Principles of Cell Communication

Extracellular signal molecules bind to specific receptors Cells communicate by hundreds of signal molecules. These include proteins, small peptides, amino acids, nucleotides, steroids, retinoids, fatty acids, and dissolved gases. The target cell responds by means of a specific protein called a receptor. It binds the signal molecule and then initiates a response.

The extracellular signal molecule often act at very low concentrations (<10^-8 M) and the receptors that bind them have a high affinity (Ka > 10^8 L/M). These receptors are transmembrane proteins on the target cell surface. When they bind an extracellular signal molecule (a ligand), they become activated and generate a cascade of intracellular signals that alter the behaviour of the cell.

Different cells can respond differently to the same extracellular signal molecule The specific way in which a cell reacts to its environment varies. It varies according to the set of receptor proteins the cell possesses, which determines the particular subset of signals it can respond to, and it varies according to the intracellular machinery by which the cell integrates and interprets the signals it receives.

Thus, a single signal molecule often has different effects on different target cells. The same signal molecule bind to identical receptor proteins yet produces very different responses in different types of target cells, reflecting differences in the internal machinery to which the receptors are coupled.

Nitric oxide signals by binding directly to an enzyme inside the target cell Although most extracellular signals are hydrophilic molecules that bind to receptors on the surface of the target cell, some signal molecules are hydrophobic enough and small enough to pass readily across the target cell-plasma membrane. NO functions to regulate smooth muscle contractions, for nerve cells to signal to their neighbors, and is produced as a local mediator by macrophages and neutrophils to assist in killing microbes. NO is made by the deamination of arginine, catalyzed by NO synthase.

Because it passes across membranes, NO rapidly diffuses out of the cell and into neighboring cells. It acts locally because it has a half-life of 5-10 seconds (converted to nitrates and nitrites). NO binds to iron in the active site of the enzyme guanylyl cyclase to produce cGMP inducing vasodilatation. CO is another gas that is used as an intercellular signal. It can act in the same way as NO, by stimulating guanylyl cyclase.

Nuclear receptors are ligand-activated gene regulatory proteins A number of small hydrophobic signal molecules diffuse directly across the plasma membrane and bind to intracellular receptor proteins. These signal molecules include steroid hormones, thyroid hormones, retinoids, and vitamin D. When these signals bind to their receptors they bind to DNA to regulate the transcription of specific genes. These signal molecules are insoluble and are made soluble for transport in the bloodstream by binding to carrier proteins.

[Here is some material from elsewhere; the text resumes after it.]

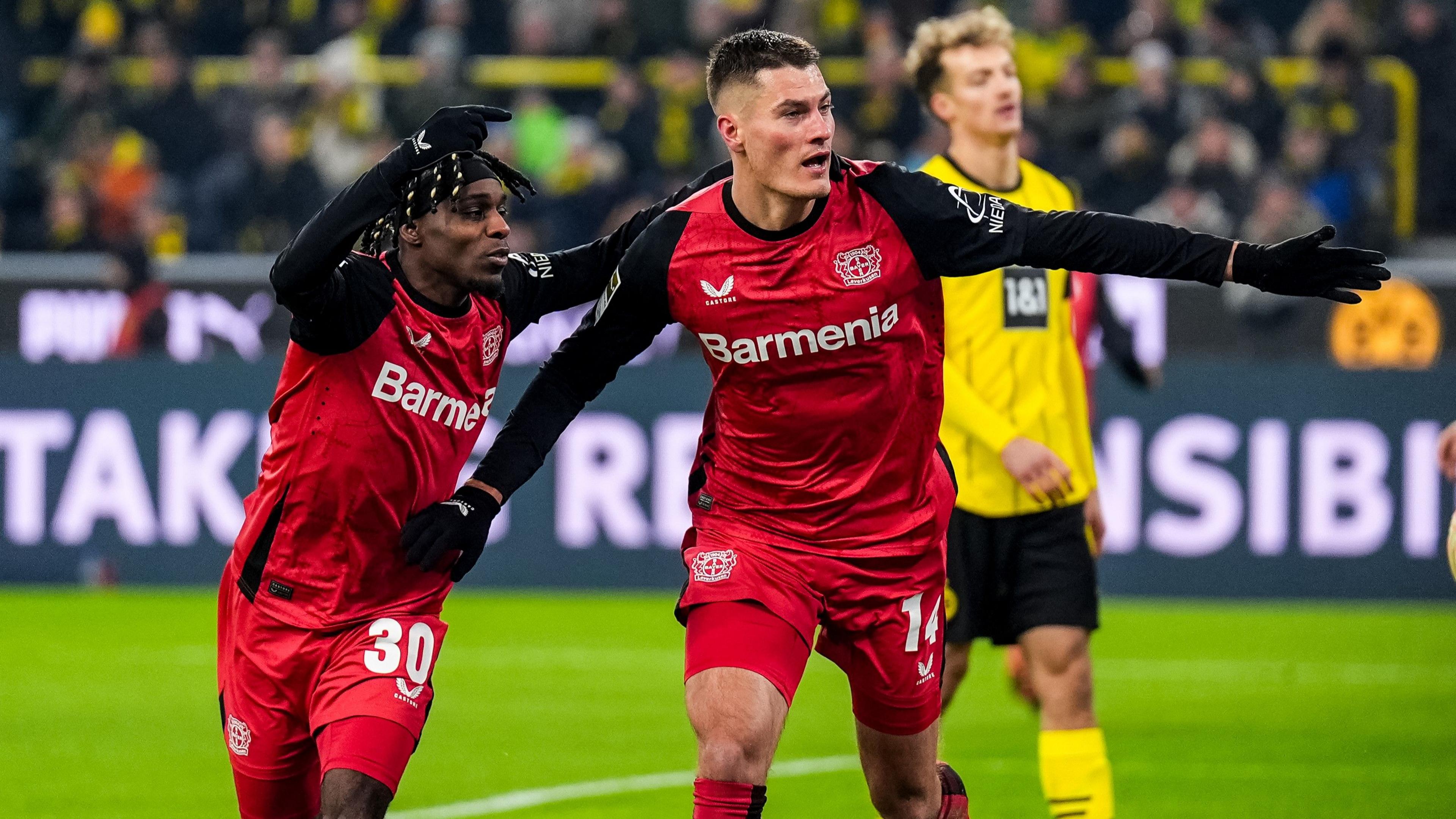 Bayer Leverkusen celebrate after Patrik Schick scores against Borussia Dortmund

Steroid hormones persist in the blood for hours. Therefore, water-soluble signal molecules usually mediate responses of short duration whereas insoluble ones tend to mediate responses that are longer lasting. The intracellular receptors for these molecules all bind to specific DNA sequences adjacent to the genes that the ligand regulates. Some receptors are located in the cytosol and enter the nucleus after binding; others are bound directly to DNA without a ligand.

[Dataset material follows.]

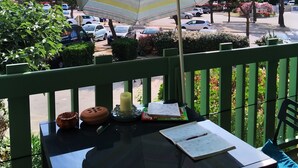En balkon med et bord, et mønstret parasol og udsigt til parkerede biler og bygninger.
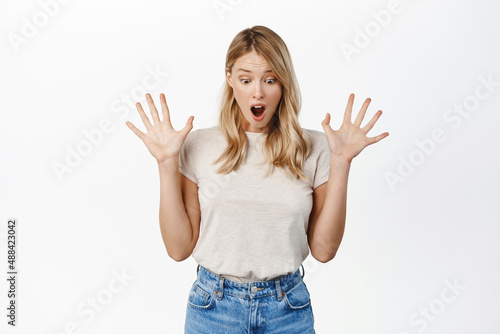 Surprised young beautiful woman shaking hands, screaming and looking down at surprise, gift or promo text below, standing over white background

The ligand binding also causes the receptor to bind to coactivator proteins that induce gene transcription. The transcription process response usually takes place in successive steps: the direct activation of a small number of specific genes occurs within about 30 minutes and constitutes the primary response; the protein products of these genes in turn activate other genes to produce a delayed, secondary response; and so on. The responses to steroid and thyroid hormones, vitamin D, and retinoids, like responses to extracellular signals in general, are determined as much by the nature of the target cell as by the nature of the signal molecule.

The Three Largest Classes of Cell-Surface Receptor Proteins Are Ion-Channel-linked, G-Protein-linked, and Enzyme-linked Receptors All water-soluble signal molecules (including neurotransmitters and all signal proteins) bind to specific receptor proteins on the surface of the target cells that they influence. These cell-surface receptor proteins act as signal transducers.

Most cell-surface receptor proteins belong to one of three classes. Ion-channel-linked receptors, also known as transmitter-gated ion channels or ionotropic receptors, are involved in rapid synaptic signaling between electrically excitable cells. G-protein-linked receptors act indirectly to regulate the activity of a separate plasma-membrane-bound target protein, which can be either an enzyme or an ion channel. Enzyme-linked receptors, when activated, either function directly as enzymes or are directly associated with enzymes that they activate.

Signaling through G-Protein-Linked Cell-Surface Receptors G-protein-linked receptors form the largest family of cell-surface receptors and are found in all eukaryotes. Despite the chemical and functional diversity of the signal molecules that bind to them, all G-protein-linked receptors have a similar structure. They consist of a single polypeptide chain that threads back and forth across the lipid bilayer seven times and are therefore sometimes called serpentine receptors.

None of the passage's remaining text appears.